In a prepared statement, the firm said, "We are undertaking this capital structure review from a position of strength, having generated robust financial performance and built up a solid balance sheet since the successful conclusion of our restructuring in the first half of 2016."

Earllier in the day, a Cetera spokesperson described the process as part of the normal course of business. Interest rates are rising so bankers said Cetera understandably wants to refinance its debt and lock in better interest rates.

“We’re pleased with the strength of our financial performance and balance sheet since our emergence from the restructuring process," a Cetera spokesperson said. "Like all healthy companies that seek to sustain their trajectory of success, we continuously examine ways to enhance our capital management structure to best align it with our ability to reinvest in our business and create added value for our advisors and other stakeholders.”

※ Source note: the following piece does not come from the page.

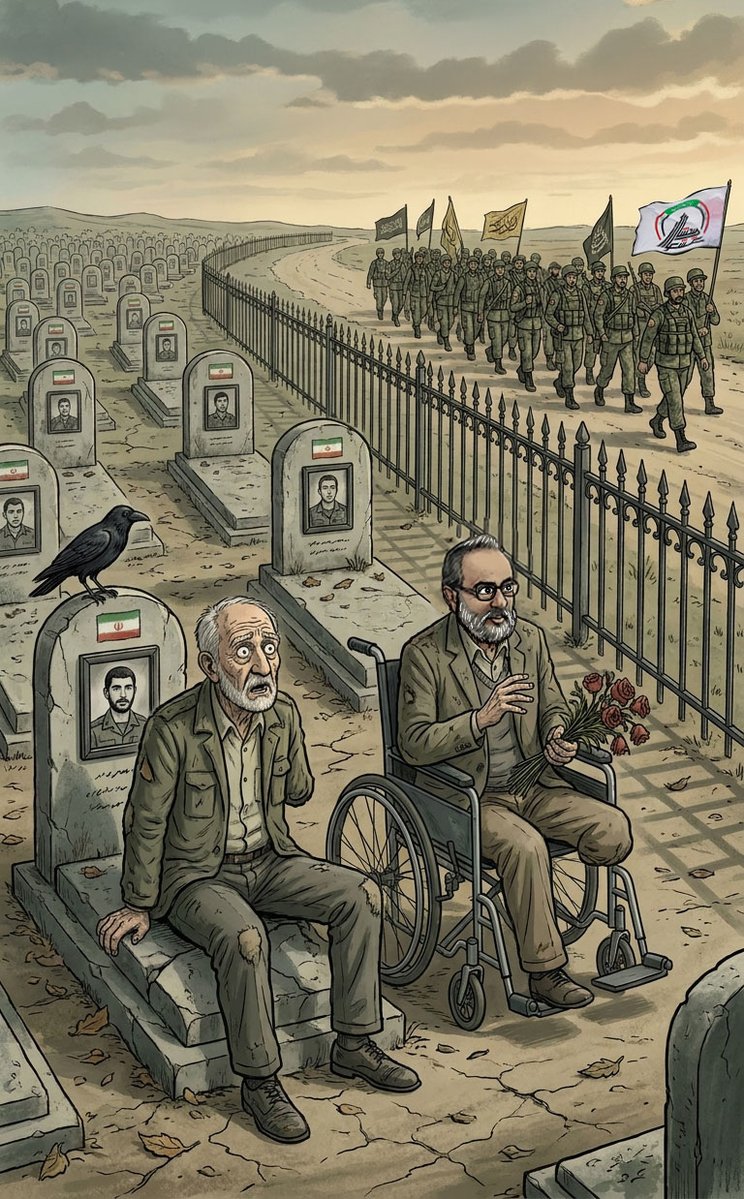 ImamiSajjad's tweet photo. @Alighazizade ج.ا.و سپاه؛ جنگ با عراق را که باید بعد از ۲سال به پایان میرسید، عمدا ۸سال ادامه دادند. باعث کشته شدن نزدیک به ۲۵۰ هزار ایرانی و معلولیت نزدیک به ۵۵۰ هزار نفر دیگه شدند. حالا هم همان عراقی ها را به اسم گروه‌های نیابتی میارن داخل ایران بالای سر زن و بچه مردم!  این وطن‌فروشی نیست؟ https://t.co/XItd0LkjL4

Ownership of Cetera, one of the largest networks of independent broker-dealers, has changed hands several times in the last four years. In January 2014, Nick Schorsch’s ill-starred Realty Capital paid an eye-popping $1.1 billion to purchase Cetera from Donald Marron’s Lightyear Capital. A year later, Realty Capital became mired in an accounting scandal and Schorsch's debt-laden empire collapsed, taking Cetera with it.

One investment banking source said at least one of these firms pushed Cetera's board to explore a partial sale of their own stake. Private equity firms that once looked to exit their investments via initial public offerings are now increasingly looking at other alternatives, including keep firms private and selling equity positions among themselves.

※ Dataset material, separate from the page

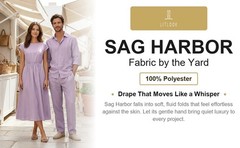 Sag Harbor Twill Fabric by the Yard 100% Polyester Woven 2-Way Stretch Dresses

This allows them to mark up the value of their investments. Given that Cetera reportedly has performed surprisingly well since emerging from bankruptcy, one or more of its investors, some of which may have viewed the 2016 equity infusion was a quick turnaround opportunity, might want to test the market, sources added.

Cetera CEO Robert Moore served as CFO of LPL Financial in 2010, when LPL, the nation’s largest independent brokerage did an initial public offering via several investment banks, including Goldman Sachs. Moore succeeded Larry Roth as Cetera CEO in 2016 shortly after the firm emerged from bankruptcy. The fact that Cetera managed to survive bankruptcy as a standalone entity is almost a unique achievement in the history of the brokerage business.

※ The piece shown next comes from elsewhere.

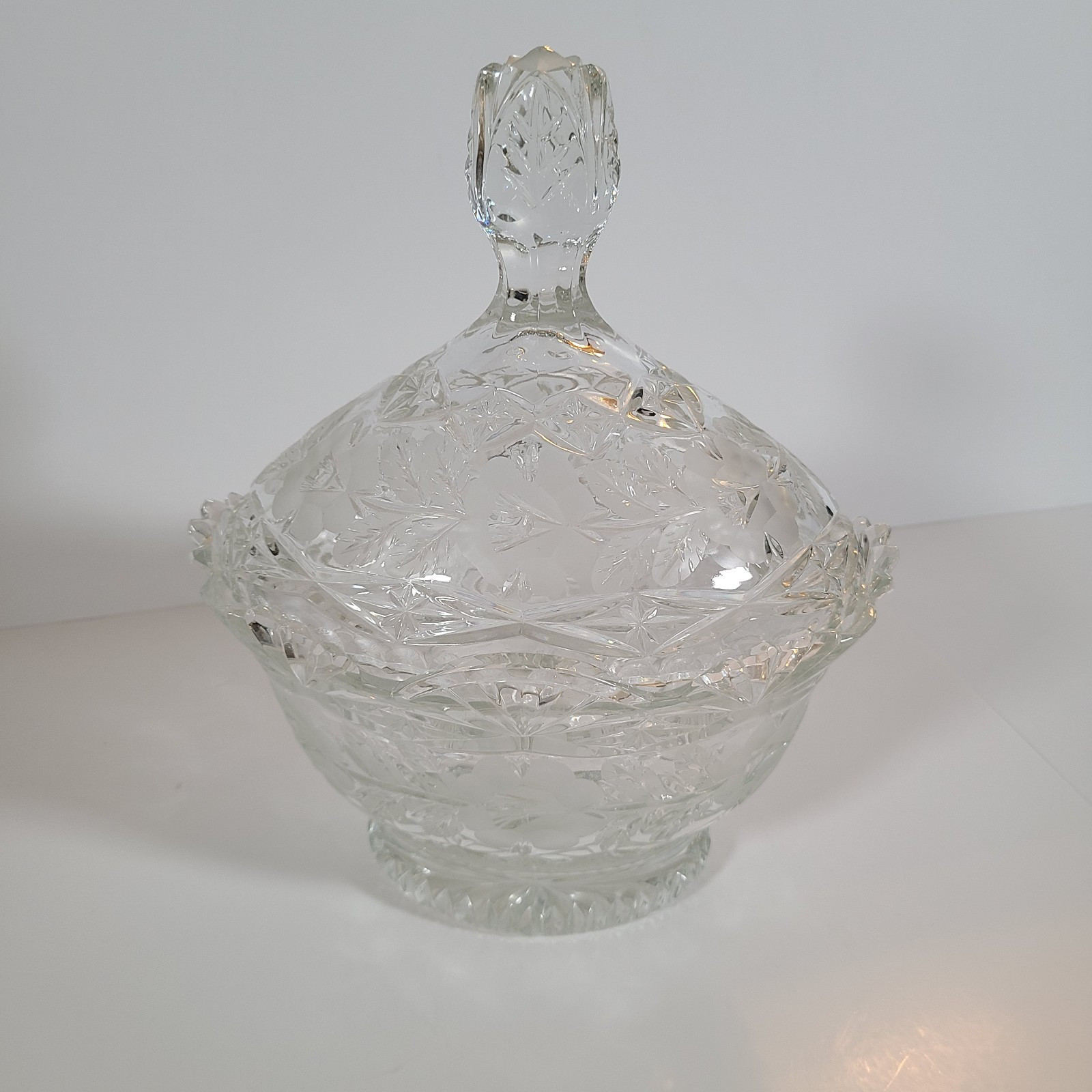 Imperial Vintage Oval Crystal 24% Lead 10.5 inch Candy Bowl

In an interview in late January, Moore said that Cetera had managed to add an impressive 784 new advisors overseeing nearly $15 billion in assets during 2017. Cetera also managed to retain 95 percent of its advisors after losing a much higher number of them during the bankruptcy process. To streamline operations he also restructured its number of B-Ds in the Cetera network, reducing them from 11 to 6.

Moore also said the firm managed to reduce its aggregate debt-to-earnings ratio by over three times. This presumably would allow it to refinance much of its debt at a far lower cost than when it emerged from bankruptcy. Moore also said the firm's restructuring was two years ahead of schedule.

All this would point to a much higher valuation for Cetera than immediately after it came out of Chapter 11.